Materials provided:
::::::::::

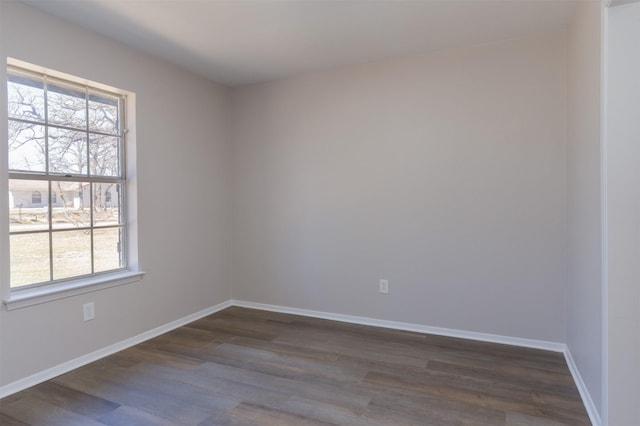 spare room featuring baseboards, a healthy amount of sunlight, and dark wood-style floors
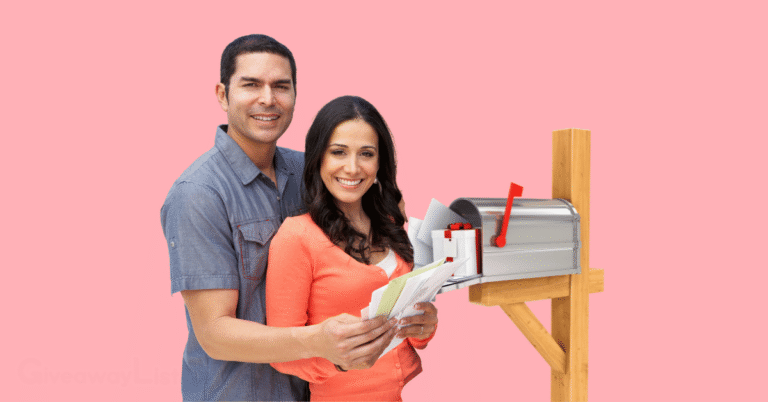 a couple holding freebie packages with their mailbox behind them.
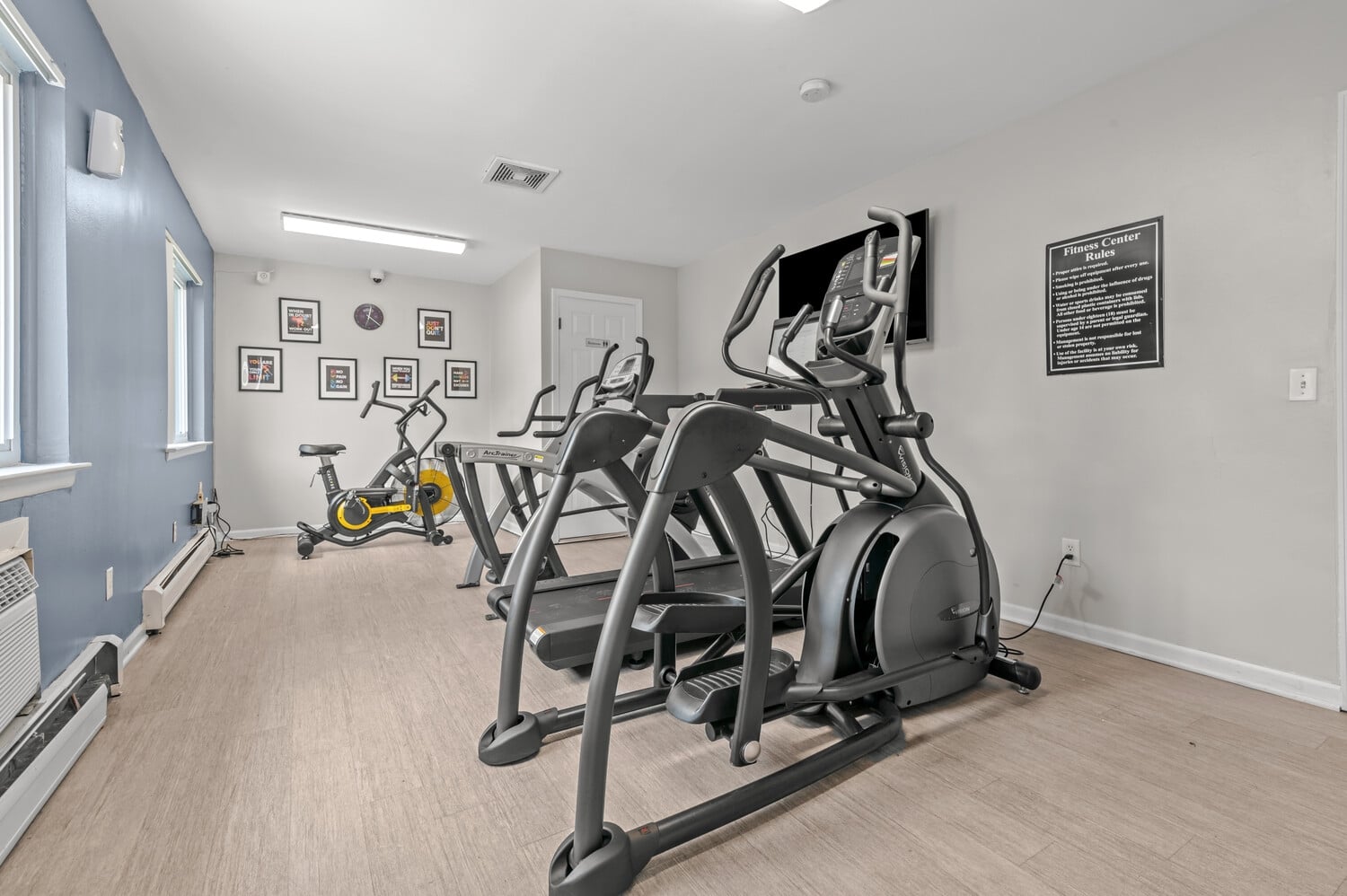 Elliptical machines and stationary bike in a well-lit fitness room with framed wall art.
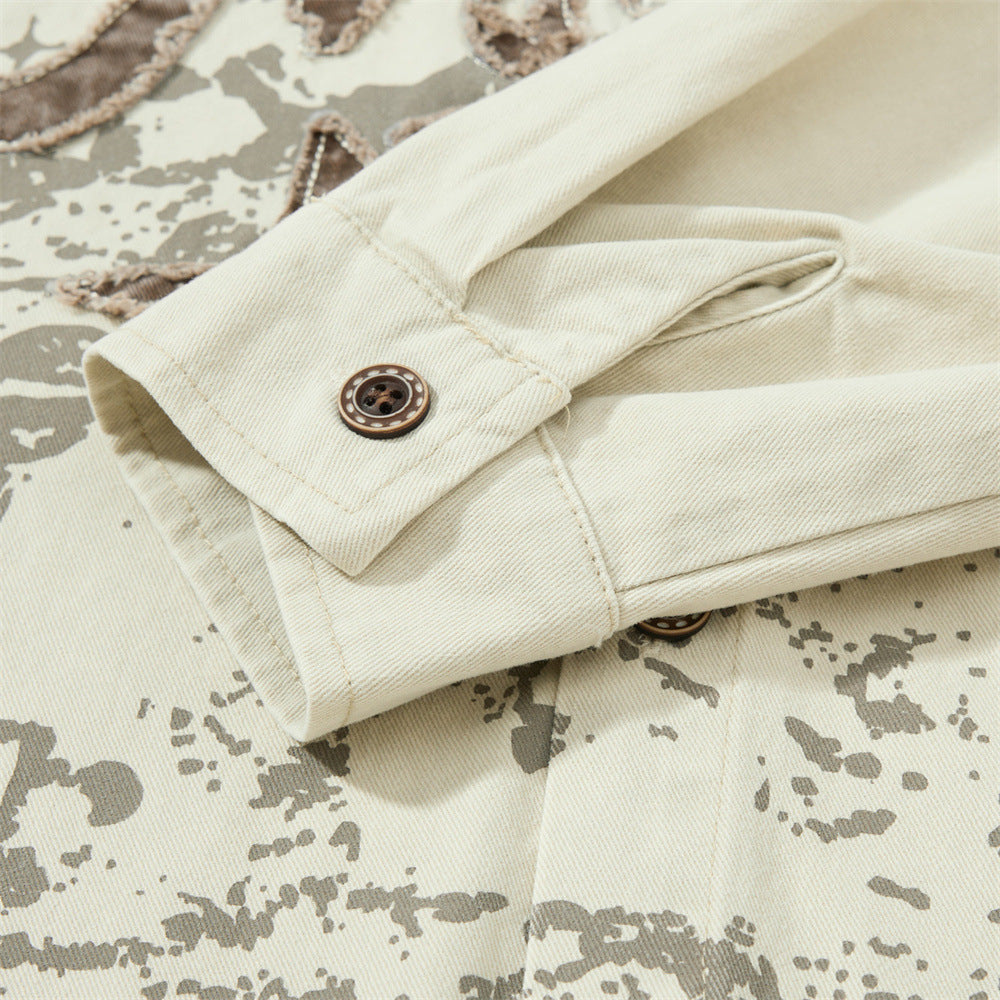 Rolled sleeve cuff on cream shirt with brown button detail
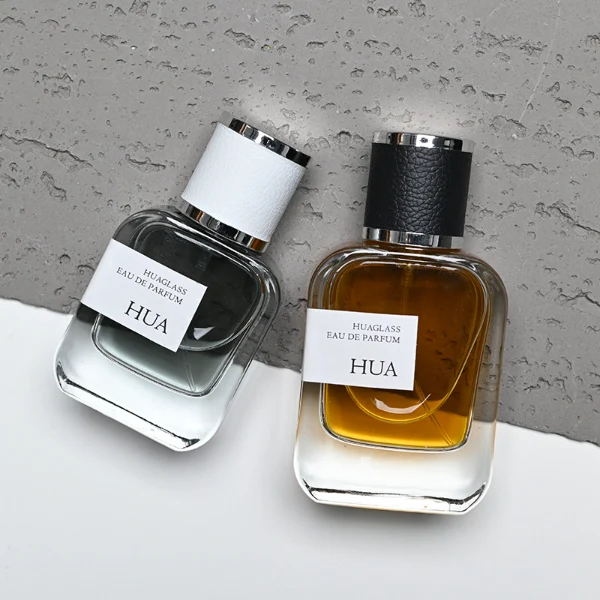 HUA0165 perfume bottle, rectangular transparent glass body with 30 ml, 50 ml, or 100 ml liquid, cylindrical plastic cap wrapped in leather with gold metallic neck, outer label with printed logo, modern elegant design, ideal for gifting and daily use.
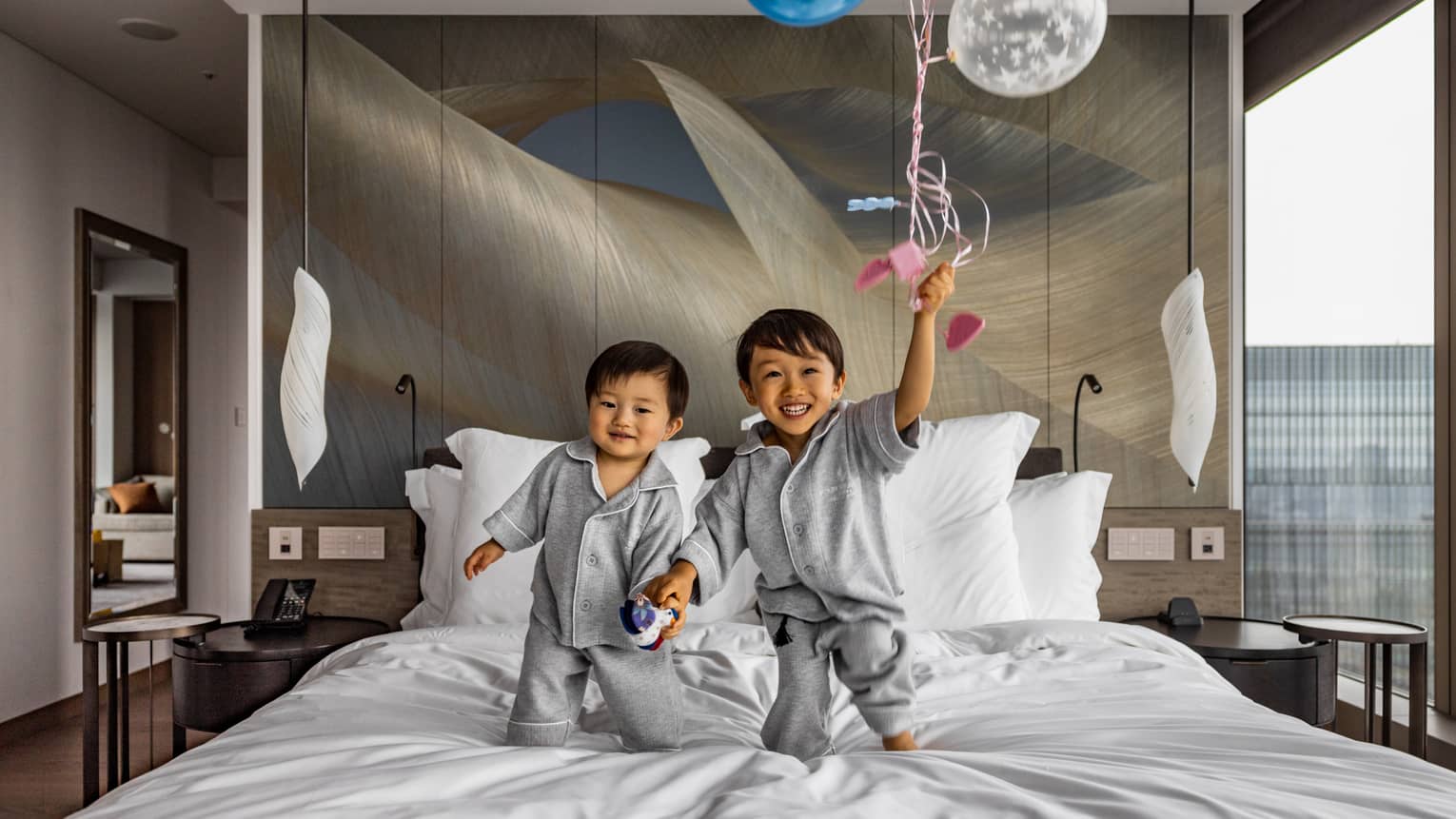 Two young children in grey pyjamas hold hands while standing on a bed in a bright room; one smiles and holds a clear balloon.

::::::::::

Work instruction:
Both the first line of the records above and the line containing "HUA0165 perfume bottle, rectangular" belong in the copy; please return them and every line between, exactly, minus the pictures.

Task answer:
 spare room featuring baseboards, a healthy amount of sunlight, and dark wood-style floors
 a couple holding freebie packages with their mailbox behind them.
 Elliptical machines and stationary bike in a well-lit fitness room with framed wall art.
 Rolled sleeve cuff on cream shirt with brown button detail
 HUA0165 perfume bottle, rectangular transparent glass body with 30 ml, 50 ml, or 100 ml liquid, cylindrical plastic cap wrapped in leather with gold metallic neck, outer label with printed logo, modern elegant design, ideal for gifting and daily use.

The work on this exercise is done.